Au moment où il allait s’éloigner, la main de Lloyd sortit de sous les couvertures et d’un geste vif l’attrapa par le poignet.

-Tu pars déjà ? Demanda-t-il, apparemment parfaitement réveillé.

-Oui.

-Bien, c’est ton droit.

Thomas aurait presque pu sentir comme de la déception dans sa voix.

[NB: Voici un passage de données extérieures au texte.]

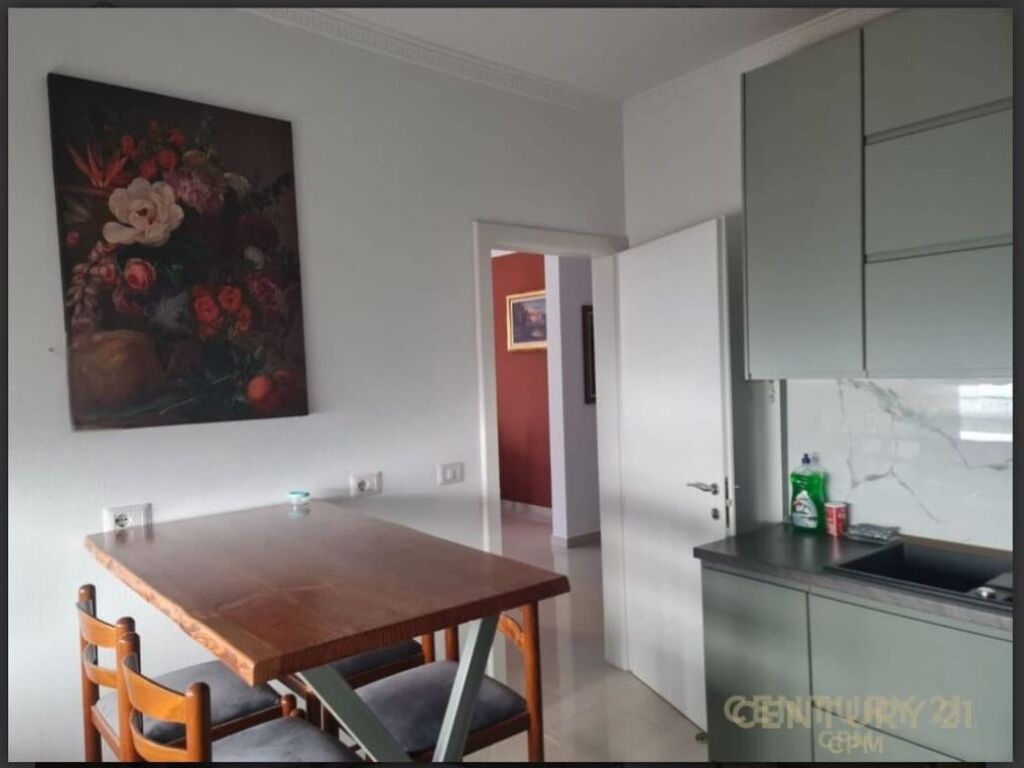 Apartament 2+2+2+Parking për qira tek xhamia, Kopshti Botanik!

-Pour le paiement... commença Thomas.

-Tu verras ça avec Richard en partant...

-D’accord. Au revoir.

Lloyd se contenta de hocher la tête en signe d’adieu et Thomas en ressentit un petit pincement au cœur. Ce n’était pas tous les jours qu’il lui était donné de rencontrer de pareils personnages et il avait vraiment une impression de gâchis et de frustration, l’impression de réellement passer à coté de quelque chose d’important, voire de fondamental. Mais il n’accordait aucun crédit à ce genre de pressentiments idiots. Il tenait de quoi écrire presque un véritable roman avec toutes les idées qui jaillissaient dans sa tête au sujet de son compagnon d’une nuit et devait se dépêcher avant qu’elles ne s’envolent toutes.

Il allait atteindre la porte quand la voix puissante de Lloyd l’interrompit.

-Thomas, attends !

Surpris, l’interpellé se retourna. Lloyd s’était redressé et le fixait de ce regard si troublant.

-Thomas, nous appareillons dans quelques heures... Est ce que ça te dirait de partir avec nous ?

Thomas sembla prendre quelques secondes pour réfléchir mais il connaissait déjà sa réponse. Il reprit son souffle soudainement étrangement court et répondit, d’une voix sûre et posée.

-Non, merci... L’aventure marine ne m’intéresse pas et ne m’a jamais intéressé.

Thomas crut entendre un hoquet de surprise de la part du fougueux capitaine mais quitta la pièce le plus rapidement possible, ne voulant pas affronter la réaction de celui-ci et encore moins croiser une nouvelle fois ce regard fou qu’il avait eut la veille.

Alors qu’il arrivait sur le pont, il rencontra Richard qui lui remit sa paie, l’une des meilleures, si ce n’est la meilleure qu’on ne lui avait jamais donné. Cela n’allait vraiment pas lui faire de mal. Sans même un remerciement, il prit congé et s’engagea sur le pont pour rejoindre la passerelle et le quai.

La plupart des matelots étaient déjà levés malgré le fait que le soleil commençait à peine à poindre dans le matin gris. Ils se trouvaient presque tous par petits groupes autour des mats, assis sur des tonneaux ou des caisses à discuter du prochain départ. Mais lorsque Thomas passa, toutes les conversations cessèrent et tout les yeux se tournèrent dans sa direction. Il entendit des rires gras et des sifflements mais avait depuis longtemps appris à les ignorer.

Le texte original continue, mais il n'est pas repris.